And Dr. Phil? He said something about a rabbit hugging a hound and that the review was more about the reviewer than the restaurant. I can’t disagree with that either…except maybe the rabbit part. (That MAY have been his comment on the next story about General Petraeus, but I’m sure it could apply here too.)

Frankly, I could argue bother sides here. A truly crappy restaurant may deserve to be called out, so folks don’t waste their hard earned money on an experience that will clearly disappoint them. But I would also say that I generally read reviews to find places to go and NOT to avoid. (That’s what Yelp is for.)

I can't comment on the accuracy of Pete Wells’ claims, because I haven't been there. But I do think this choice of restaurant to review is a bit odd for the New York Times. 

I don’t NEED a review of a “fast casual” restaurant or whatever they call this segment of the restaurant business. Even though Wells thought the prices were high for the quality of the food, I depend on other palates ESPECIALLY when I’m going to be spending a lot of money and I want to know if it’s going to be worth it

Plus I like having a preview of the dining experience and tips as to which dishes are the most successful – again, because if the restaurant is pricey, I don’t want to regret my choice. 

Most of us don’t have unlimited dining dollars. We depend on reviews, especially in New York and in the New York Times, to guide us to reliable places. There is a place in the paper for reviews of less fancy places, so that’s where this should have gone, if it was to be reviewed at all. 

And I do agree that the sarcastic question form that the review was written in felt a little personal. Actually, a lot personal. It included passages like these:
"What exactly about a small salad with four or five miniature croutons makes Guy’s Famous Big Bite Caesar (a) big (b) famous or (c) Guy’s, in any meaningful sense?"
“Hey, did you try that blue drink, the one that glows like nuclear waste? The watermelon margarita? Any idea why it tastes like some combination of radiator fluid and formaldehyde?”
Please! If it was really that bad, then did the review really belong in the pages of the New York Times? (I like this question thing!)  I’m pretty sure that the majority of people reading restaurant reviews are interested in learning about places they SHOULD go, not the opposite. It’s almost like giving a recipe that you know is bad…just to demonstrate that someone gave you a bad recipe. What’s the point?!!

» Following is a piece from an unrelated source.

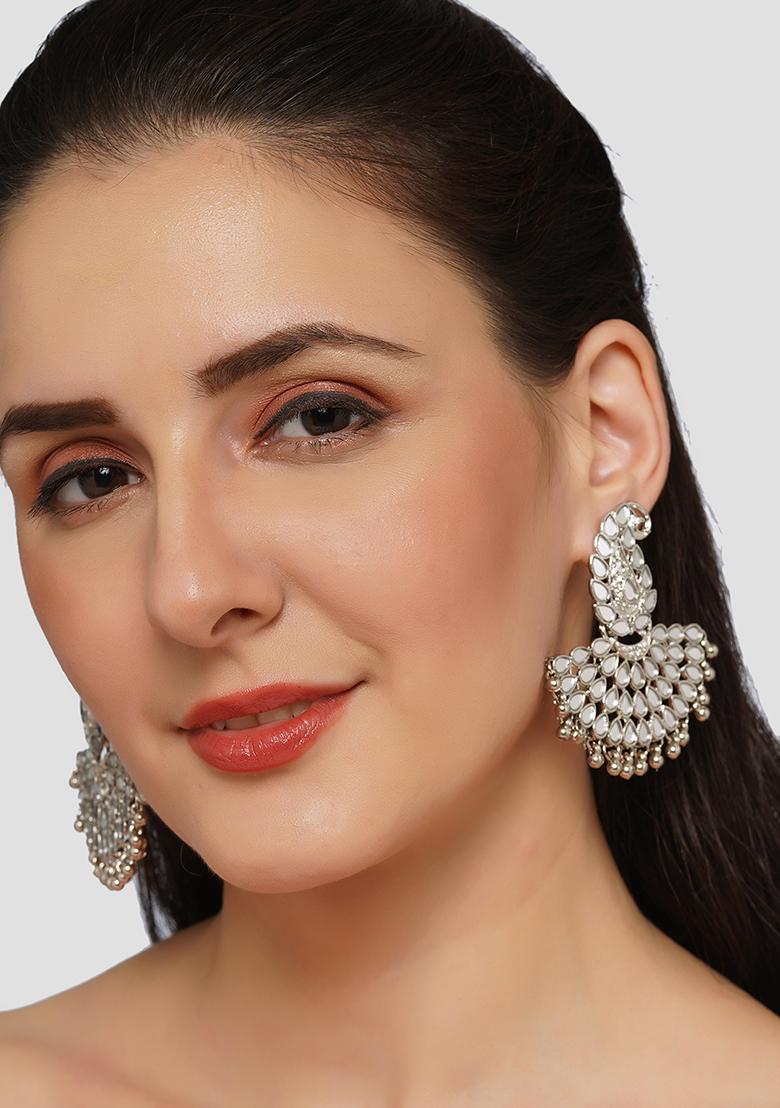 Handcrafted Mirror Chandbali Earrings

That old expression about something shedding more heat than light applies here. The major purpose of the review seemed to be to stir up controversy and not to provide useful information. We didn’t learn about a great new place to eat; we found instead just how nasty and arrogant a reviewer could be.

5 comments:

The Short (dis)Order Cook said...

Clearly this reviewer did have an agenda. He wanted to give a big F.U. to both the Food Network and its dumbed down personalities as well as to big-box restaurants. He was giving the finger not just to the restaurant but to Guy, and Sandra, and Rachael, and Applebees, and Friday's, and Olive Garden, and every other purveyor of processed restaurant meals and shortcut cooks.


Did the restaurant deserve this? I'm sure many people say it did. Bad food should be called out before people waste their time and money, right?

I think it's a foregone conclusion that a restaurant of this size is not going to be good. Mass produced food never is. I don't think the kind of people who would read NY Times food reviews would expect anything great from this type of restaurant. I get the impression that this is not the restaurant for NY-Times-Reading foodies. In fact, it seems there is a backlast among the FN-loving crowd who say, "Let's eat here and give a finger back to the elitists."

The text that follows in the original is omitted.